Venice was not what I thought it would be, first of all it was huge and secondly it was a maze to get around.    We stayed in the Hotel Locando Sturion a hotel by the Rialto Bridge which is well embedded in my mind especially for its 68 steps up to reception and no lift!.  The water buses which cover a network of canals were easy once you got the hang of them and even better when we had managed to buy a three day pass.

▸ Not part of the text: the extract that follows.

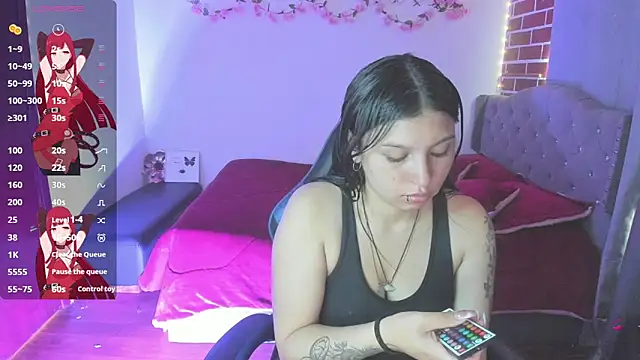 isabella monntolvo online show from April 28, 2026, 1:16 pm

We ventured out to several islands Burano and Murano which are a fair way out from Venice.  Burano was quite a trek out and needed two boats but was well worth it.  There were lots of small shops selling lace work but on the whole nothing we felt we had to buy.  There was a main square with little restaurants and gelato shops, we sampled the gelato here of course in the interests of this page and can report back that they were delicious!.  The fact that no cars were allowed on the island was very noticeable and very pleasant.  This is one of the little canals running through Burano, instead of cars they have their boats parked outside their houses.  We had a picnic lunch here of huge rolls filled with cheese and tomatoes.

 

The houses on Burano were painted in bright colours so that the fisherman when out to sea could tell where to steer their boats to.  This one was particularly bright and up an alleyway - how a fisherman would have spotted this from the sea  Lord only knows!  The island seemed to have a working community and everyone seemed to know everyone else.  A lot of people were just day trippers but on the whole you did feel you were visiting a working island.
 

Murano was about 30mins away by boat and on the outside seemed a bit deserted, it didn't have the crowds that Venice had and things seem much quieter.  We were able to watch a demonstration on glass blowing and were not pressurized into buying anything.  We then walked along the main shopping canal and looked in all the shops displaying wonderful mirrors, figures and chandeliers .  One or two shops had contemporary stuff which included wonderful necklaces made of glass.  I thought everything was quite good value for money and they shipped it home if you wanted them to.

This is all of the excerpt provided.